# Work order
Please output the entries below from the line that contains "Zapdos 30/62 Non" through the final line, reproduced exactly and alone.

# Extracted entries
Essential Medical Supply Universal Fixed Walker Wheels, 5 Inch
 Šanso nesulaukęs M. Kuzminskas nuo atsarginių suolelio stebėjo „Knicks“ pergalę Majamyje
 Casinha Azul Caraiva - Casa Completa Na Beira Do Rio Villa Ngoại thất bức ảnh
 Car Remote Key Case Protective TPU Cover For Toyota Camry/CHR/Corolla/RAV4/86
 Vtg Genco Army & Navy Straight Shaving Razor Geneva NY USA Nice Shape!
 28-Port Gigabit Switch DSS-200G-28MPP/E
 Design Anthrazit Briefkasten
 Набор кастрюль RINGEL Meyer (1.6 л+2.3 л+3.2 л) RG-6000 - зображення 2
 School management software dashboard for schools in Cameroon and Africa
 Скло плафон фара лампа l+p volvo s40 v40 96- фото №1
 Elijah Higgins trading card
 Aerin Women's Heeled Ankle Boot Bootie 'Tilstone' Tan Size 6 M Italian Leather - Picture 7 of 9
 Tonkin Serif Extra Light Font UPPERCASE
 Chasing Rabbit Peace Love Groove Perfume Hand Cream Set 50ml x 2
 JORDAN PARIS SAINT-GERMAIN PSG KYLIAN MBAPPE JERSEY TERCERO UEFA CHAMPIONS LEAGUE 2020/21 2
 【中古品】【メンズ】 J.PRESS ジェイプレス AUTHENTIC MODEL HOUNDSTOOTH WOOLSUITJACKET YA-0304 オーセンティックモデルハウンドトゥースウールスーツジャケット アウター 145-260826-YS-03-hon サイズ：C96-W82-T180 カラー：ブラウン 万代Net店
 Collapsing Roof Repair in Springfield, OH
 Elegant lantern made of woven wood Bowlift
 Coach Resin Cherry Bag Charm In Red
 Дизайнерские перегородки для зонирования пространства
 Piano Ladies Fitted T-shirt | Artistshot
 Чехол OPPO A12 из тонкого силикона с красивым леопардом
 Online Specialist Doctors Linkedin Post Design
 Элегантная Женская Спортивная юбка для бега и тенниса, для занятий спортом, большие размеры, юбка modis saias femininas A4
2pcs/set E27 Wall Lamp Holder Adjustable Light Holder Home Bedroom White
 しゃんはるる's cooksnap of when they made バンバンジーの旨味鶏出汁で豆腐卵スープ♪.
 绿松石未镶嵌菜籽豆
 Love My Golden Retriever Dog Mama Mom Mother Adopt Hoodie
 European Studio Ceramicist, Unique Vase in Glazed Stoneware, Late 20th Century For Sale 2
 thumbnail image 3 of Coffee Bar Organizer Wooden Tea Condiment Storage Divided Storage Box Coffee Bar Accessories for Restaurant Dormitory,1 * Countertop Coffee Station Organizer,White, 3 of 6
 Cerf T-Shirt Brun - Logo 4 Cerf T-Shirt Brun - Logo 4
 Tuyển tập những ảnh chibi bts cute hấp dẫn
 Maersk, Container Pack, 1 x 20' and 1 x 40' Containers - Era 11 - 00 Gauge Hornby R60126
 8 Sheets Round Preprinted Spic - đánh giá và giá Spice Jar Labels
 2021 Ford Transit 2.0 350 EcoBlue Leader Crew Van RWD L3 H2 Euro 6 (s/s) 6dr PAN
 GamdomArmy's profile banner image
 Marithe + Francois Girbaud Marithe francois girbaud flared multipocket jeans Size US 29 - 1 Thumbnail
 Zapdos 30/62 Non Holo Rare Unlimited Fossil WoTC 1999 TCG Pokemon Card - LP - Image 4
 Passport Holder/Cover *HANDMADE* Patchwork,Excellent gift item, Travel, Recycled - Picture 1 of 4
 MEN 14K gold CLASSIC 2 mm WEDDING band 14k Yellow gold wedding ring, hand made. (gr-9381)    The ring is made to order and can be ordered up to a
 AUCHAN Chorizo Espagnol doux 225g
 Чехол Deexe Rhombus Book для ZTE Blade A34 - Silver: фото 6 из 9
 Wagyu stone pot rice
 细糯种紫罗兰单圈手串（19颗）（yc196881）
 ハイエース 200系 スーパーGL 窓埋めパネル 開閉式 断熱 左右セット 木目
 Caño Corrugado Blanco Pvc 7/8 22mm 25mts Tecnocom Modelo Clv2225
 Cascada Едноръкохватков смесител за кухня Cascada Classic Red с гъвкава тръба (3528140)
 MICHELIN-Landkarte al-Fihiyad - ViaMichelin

# Answer to this exercise
 Zapdos 30/62 Non Holo Rare Unlimited Fossil WoTC 1999 TCG Pokemon Card - LP - Image 4
 Passport Holder/Cover *HANDMADE* Patchwork,Excellent gift item, Travel, Recycled - Picture 1 of 4
 MEN 14K gold CLASSIC 2 mm WEDDING band 14k Yellow gold wedding ring, hand made. (gr-9381)    The ring is made to order and can be ordered up to a
 AUCHAN Chorizo Espagnol doux 225g
 Чехол Deexe Rhombus Book для ZTE Blade A34 - Silver: фото 6 из 9
 Wagyu stone pot rice
 细糯种紫罗兰单圈手串（19颗）（yc196881）
 ハイエース 200系 スーパーGL 窓埋めパネル 開閉式 断熱 左右セット 木目
 Caño Corrugado Blanco Pvc 7/8 22mm 25mts Tecnocom Modelo Clv2225
 Cascada Едноръкохватков смесител за кухня Cascada Classic Red с гъвкава тръба (3528140)
 MICHELIN-Landkarte al-Fihiyad - ViaMichelin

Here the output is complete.